Il est évident que, sous les Romains, c'était la Suisse occidentale qui jouait le rôle principal, et qui fut le théâtre de la civilisation la plus avancée. Tout le démontre, le siège de la capitale, les faits racontés par les historiens, l'importance et l'abondance des monuments, le caractère de la langue, et jusqu'au nom de Suisse romane ou romande qui a subsisté jusqu'à nos jours.
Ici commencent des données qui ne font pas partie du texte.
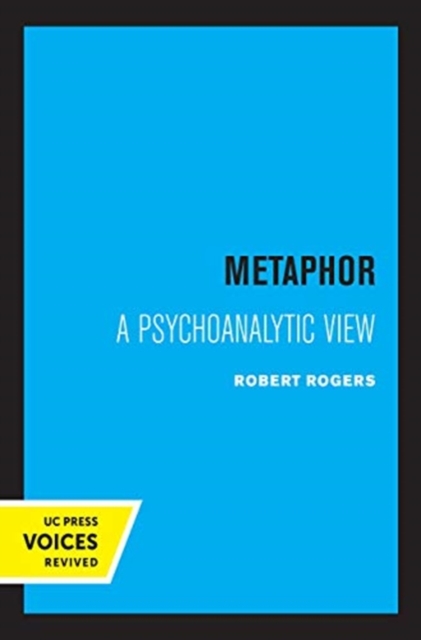 Metaphor : A Psychoanalytic View, Hardback Book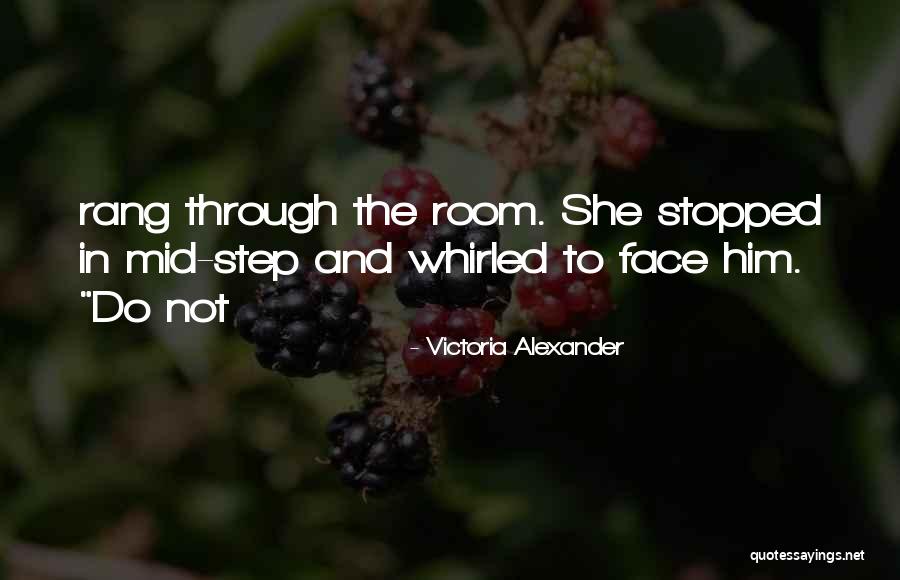 Zionatvjeeptours Quotes By Victoria Alexander Zionatvjeeptours Quotes By Victoria Alexander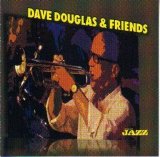 Dave Douglas - Dave Douglas & Friends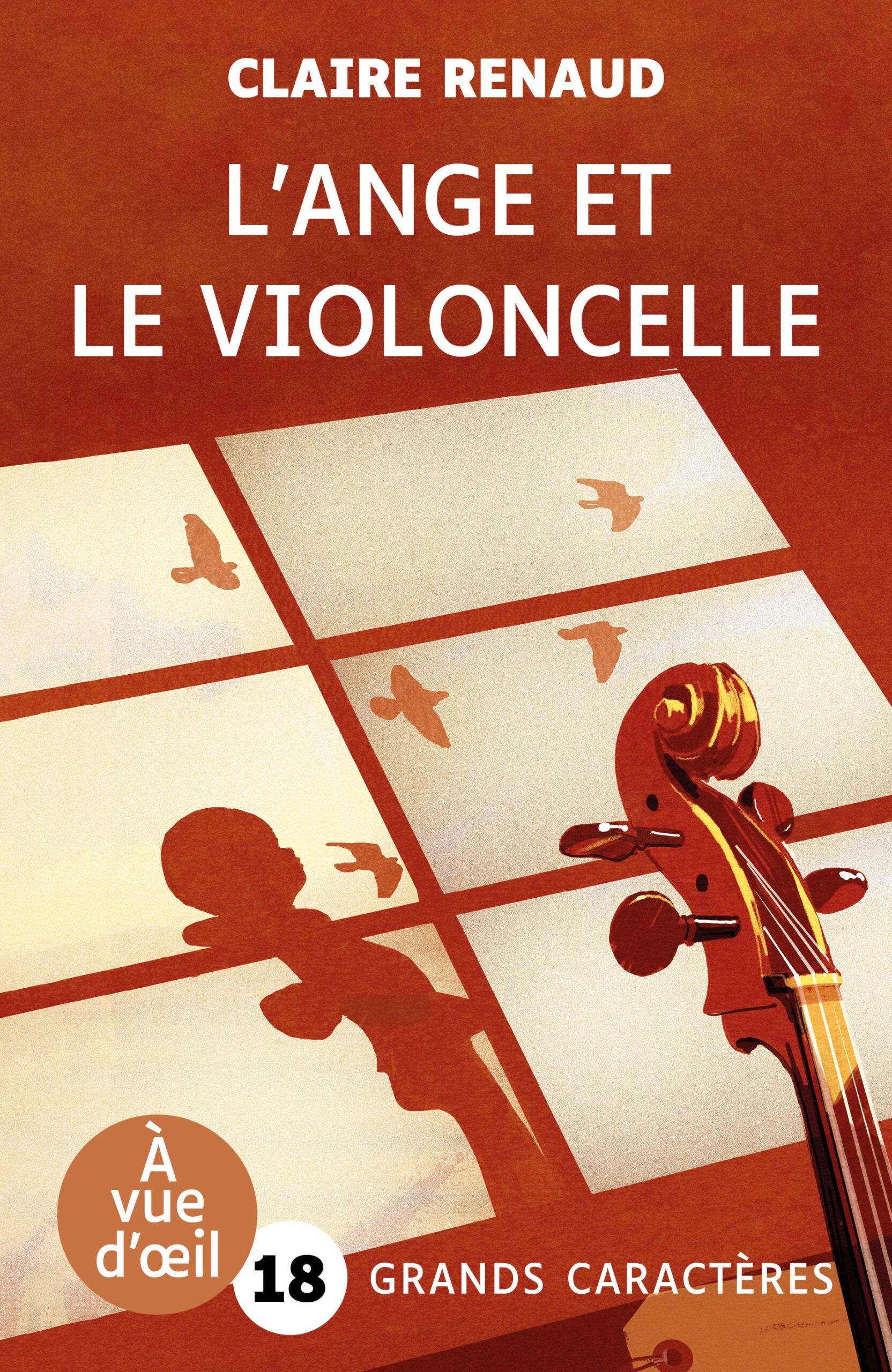 Couverture du livre en grands caractères intitulé L’Ange et le violoncelle de Claire Renaud, publié par Les éditions À Vue d’œil. La couverture présente une illustration graphique aux tons rouges et orangés : un violoncelle est visible sur la droite, tandis qu’une ombre d’enfant se projette sur un sol carrelé éclairé par une lumière venant d’une fenêtre. Des silhouettes d’oiseaux apparaissent également, évoquant le mouvement et la légèreté. Le nom de l’autrice est inscrit en haut en lettres blanches, et le titre en grand au centre. En bas de la couverture figure la mention « Grands caractères » avec un corps 18.
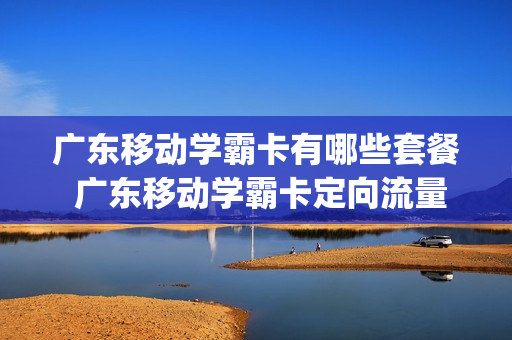 广东移动学霸卡有哪些套餐 广东移动学霸卡定向流量支持哪些app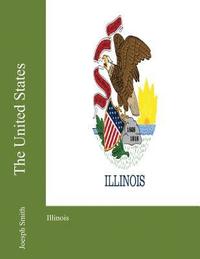 bokomslag The United States: Illinois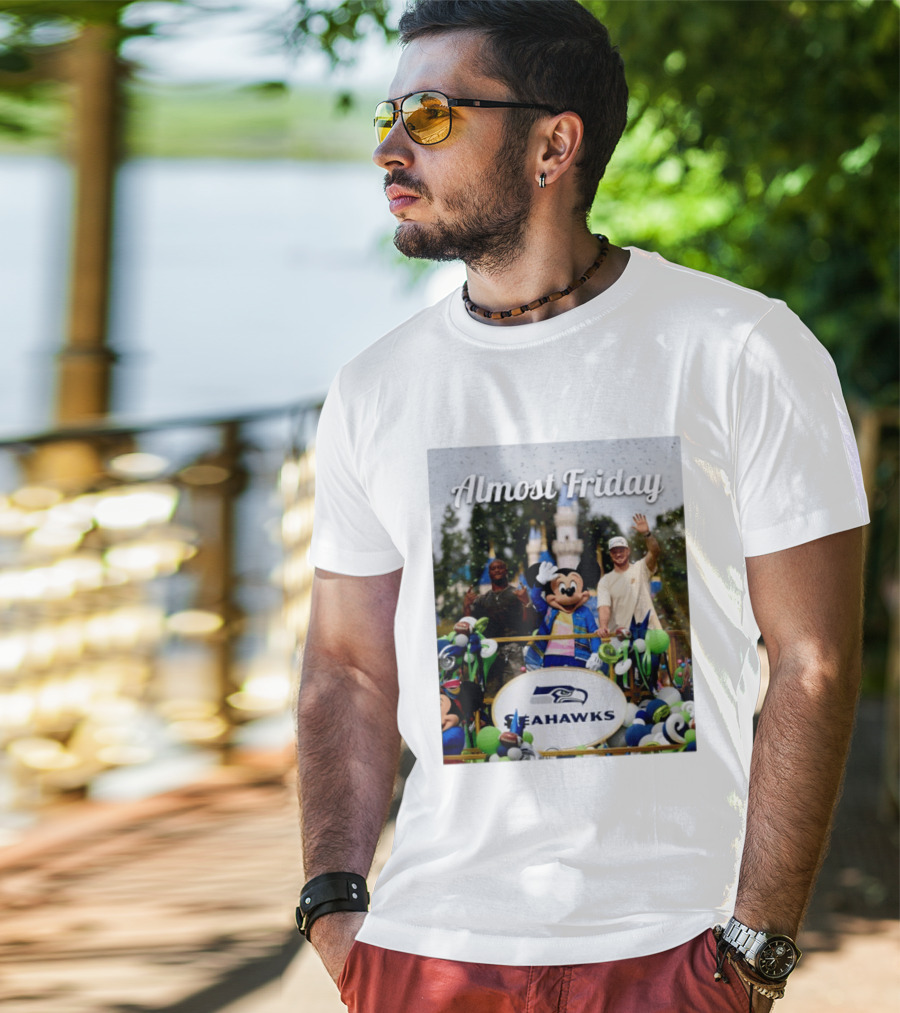 Almost Friday Seahawks Mickey Mouse Parade Magic Kingdom Celebration T-Shirt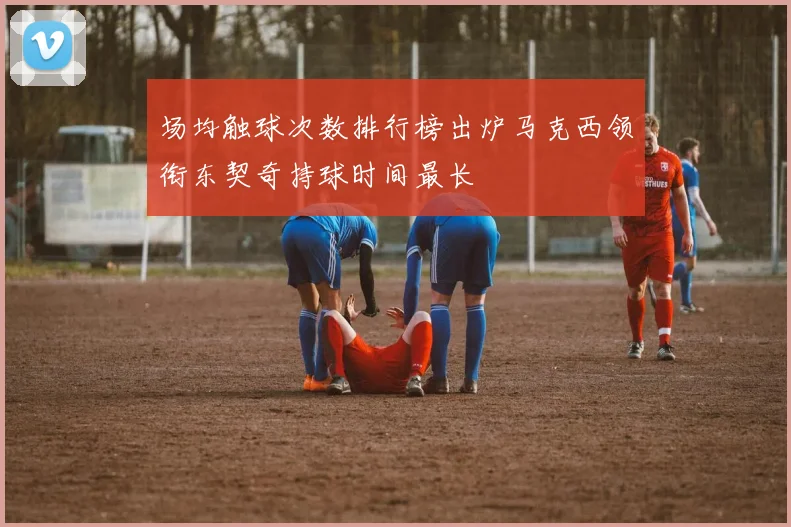 场均触球次数排行榜出炉马克西领衔东契奇持球时间最长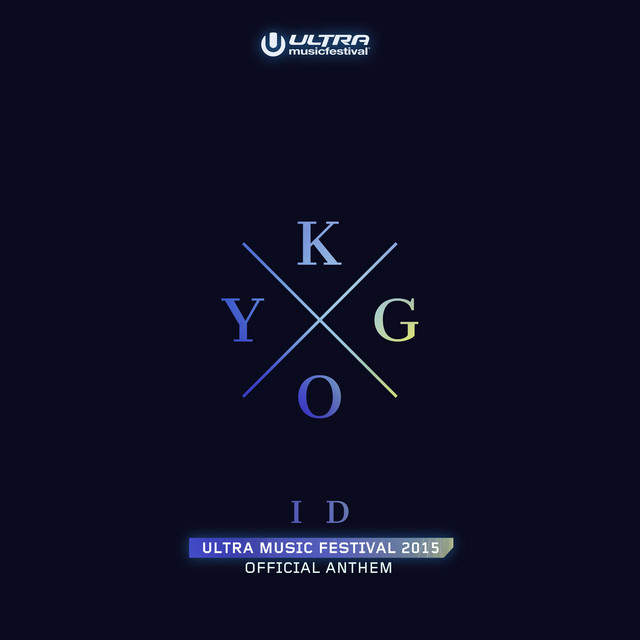 کاور آهنگ ID - Ultra Music Festival Anthem از Kygo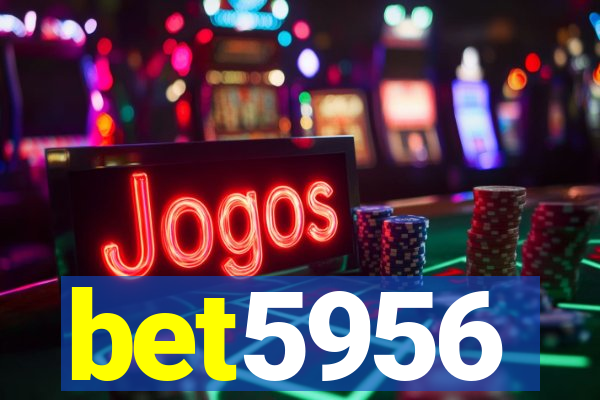 bet5956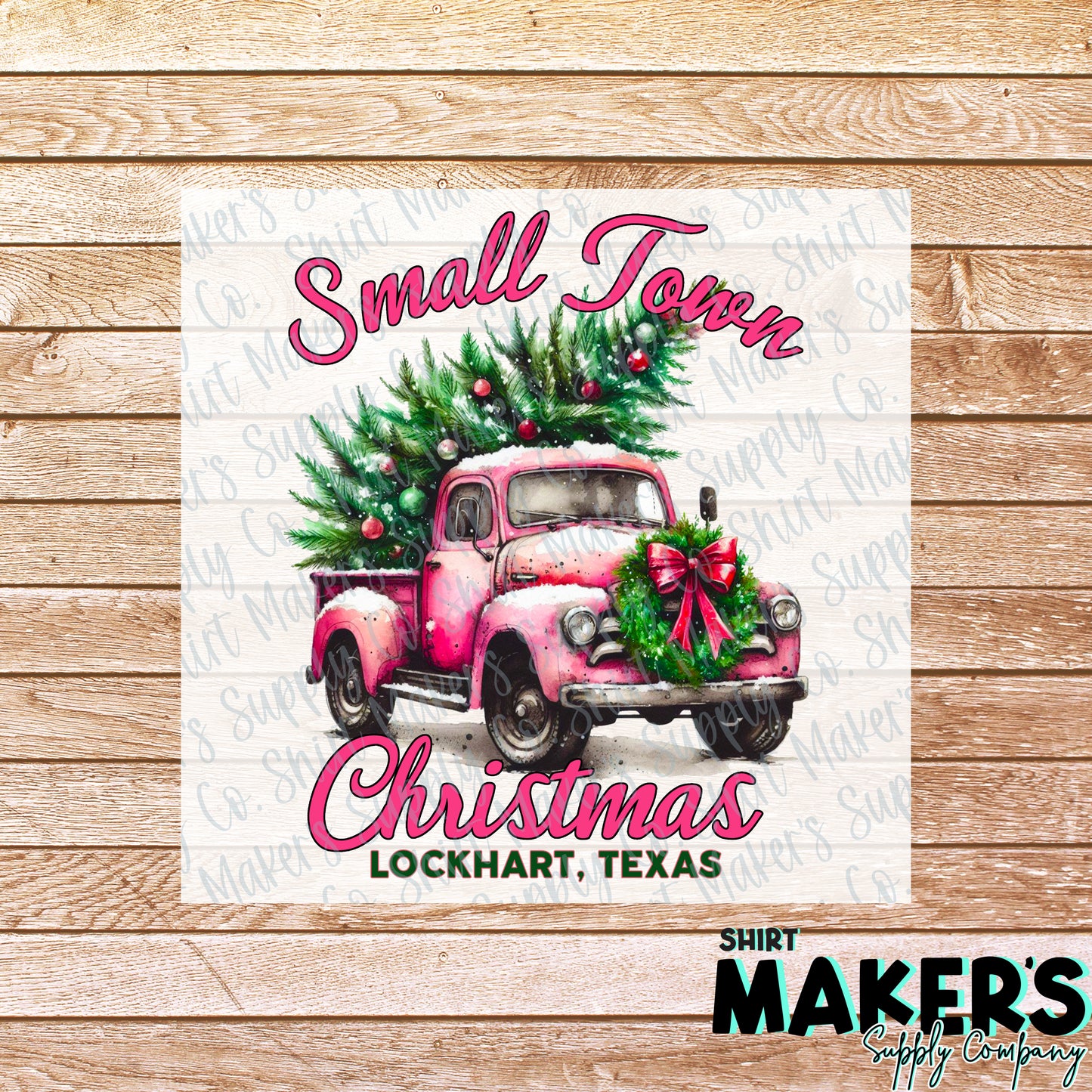 Small Town Christmas Lockhart, Texas DTF or Sublimation Transfer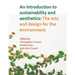 An Introduction to Sustainability and Aesthetics: The Arts and Design for the Environment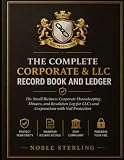 THE COMPLETE CORPORATE & LLC RECORD BOOK AND LEDGER: The Small Business Corporate Housekeeping, Minutes, and Resolution Log for LLCs and Corporations with Veil Protection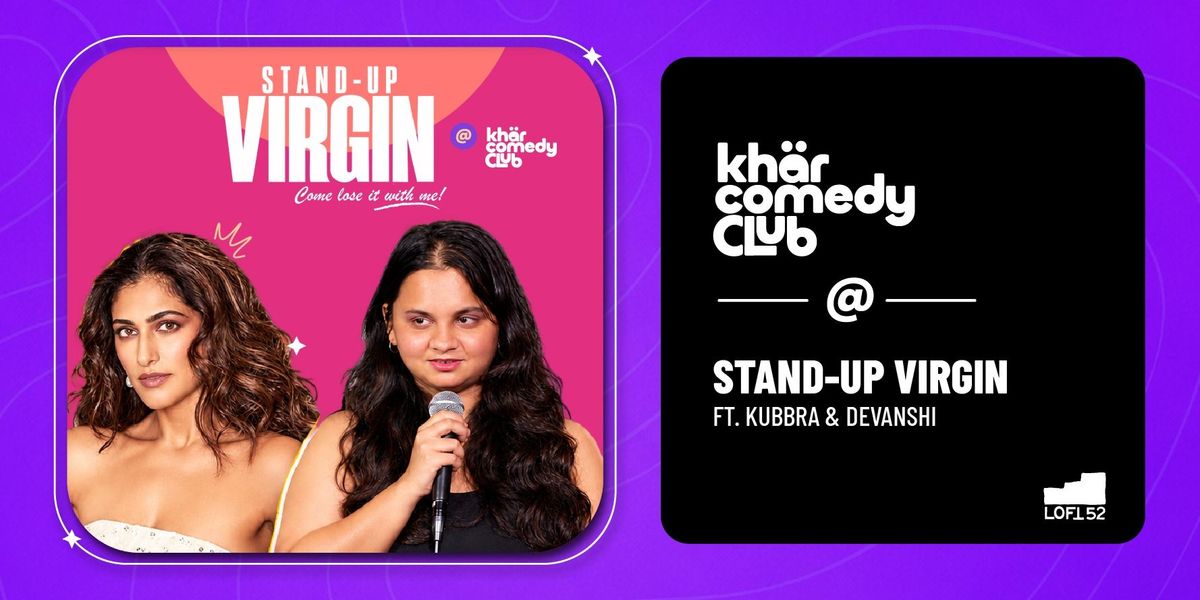 Stand-up Virgin ft. Kubbra Sait & Devanshi Shah — event poster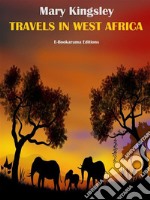 Travels in West Africa. E-book. Formato EPUB ebook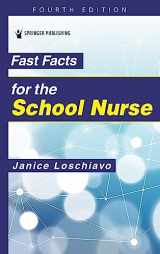 9780826144836-0826144837-Fast Facts for the School Nurse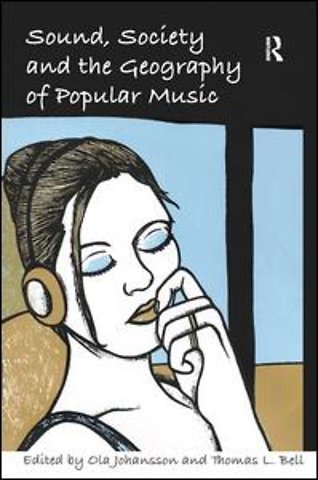 Sound, Society and the Geography of Popular Music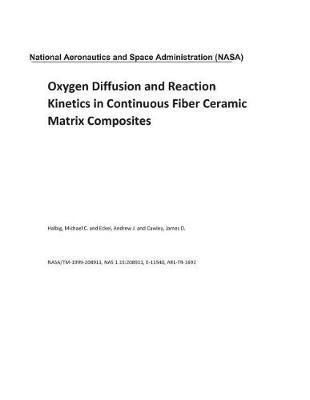 Book cover for Oxygen Diffusion and Reaction Kinetics in Continuous Fiber Ceramic Matrix Composites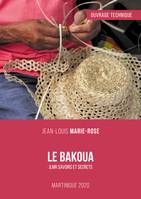 Le Bakoua : Ouvrage technique, JLMR Savoirs et secrets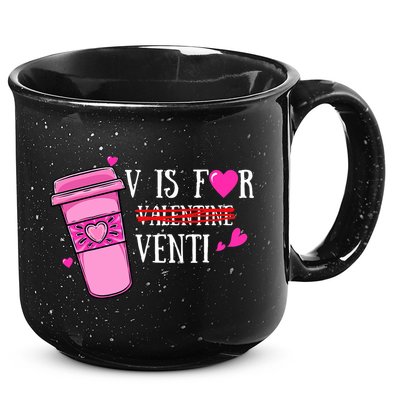 V Is Not For Valentine But Venti Coffee Funny Valentines Day 15oz Campfire Ceramic Mug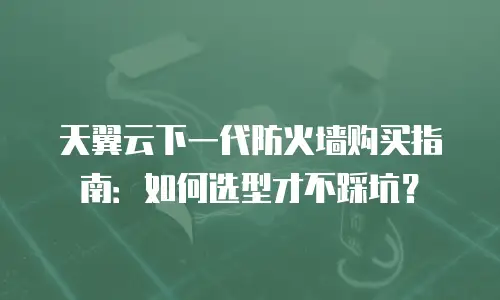 天翼云下一代防火墙购买指南：如何选型才不踩坑？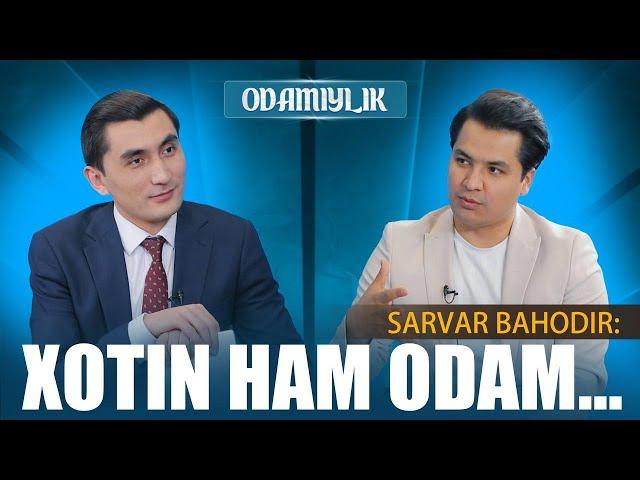 "XOTINNI XO‘RLASH MARDLIK” DEYDIGANLAR ESHITSIN! – SARVAR BAHODIROV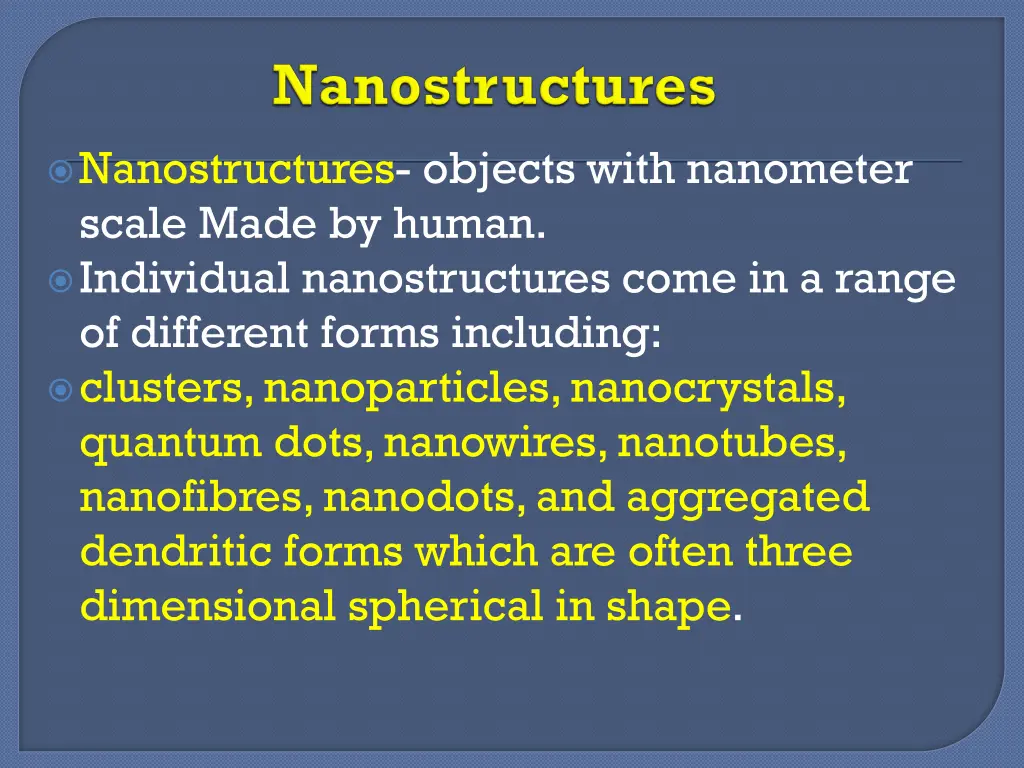 nanostructures objects with nanometer scale made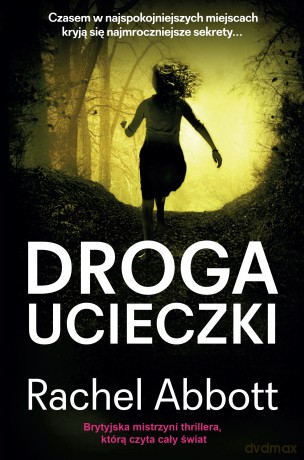 Droga ucieczki - Rachel Abbott [KSIĄŻKA]
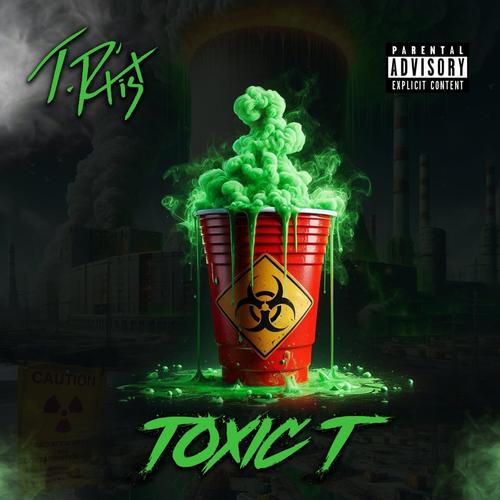 Toxic T (Explicit)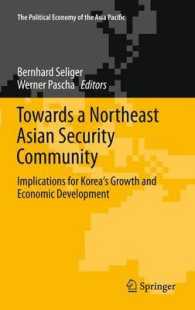 Towards a Northeast Asian Security Community : Implications for Korea's Growth and Economic Development (The Political Economy of the Asia Pacific) （2011）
Le christianisme avait peu à peu pénétré dans nos contrées, et il ne tarda pas à devenir la religion dominante. Les premières traces de son établissement sont assez difficiles à constater. Son introduction fut lente, progressive, et s'il n'était pas encore très répandu avant la fin du IIIe siècle, il dut au moins le devenir sous le règne de l'empereur Constantin. On cite, il est vrai, quelques traditions qui tendraient à faire attribuer une plus haute antiquité aux premières institutions chrétiennes. Le cartulaire de Lausanne parle de vingt-deux évêques ensevelis à Aventicum, et plusieurs auteurs font remonter la fondation du couvent de St. Maurice à une époque voisine du martyre de la légion thébéenne qui eut lieu le 22 septembre 302. Mais ces traditions ne sont pas accompagnées de preuves hors de toute contestation. Ce qui est plus certain, c'est que, d'après les données de l'histoire générale, il est à présumer que dans le courant du IVe siècle, des évêques furent institués dans nos principales cités, à Avenches, Genève, Octodurum (Martigny) et dans la cité des Rauraques. Nous en trouvons la preuve dans le fait que Justinien, évêque des Rauraques, assista en 346 au concile de Cologne, et que St. Théodore, évêque d'Octodurum, assista à ceux d'Aquilée et de Milan en 381 et 390. On sait de plus qu'il y eut, à la fin de ce même siècle, un évêque de Genève qui portait le nom d'Isaac. Il résulte également de la remarquable inscription de Sion, de l'an 377, qu'à cette époque le christianisme était publiquement reconnu, car on y voit le monogramme du Christ reproduit à l'occasion de la restauration d'un temple par le préteur Asclépiodotus. Il est vrai que le paganisme n'était pas encore complètement aboli, et que les anciennes superstitions druidiques et païennes conservaient de nombreux partisans dans les campagnes. Mais la religion nouvelle dominait dans les villes, et elle avait pour elle l'ascendant du progrès et de l'avenir.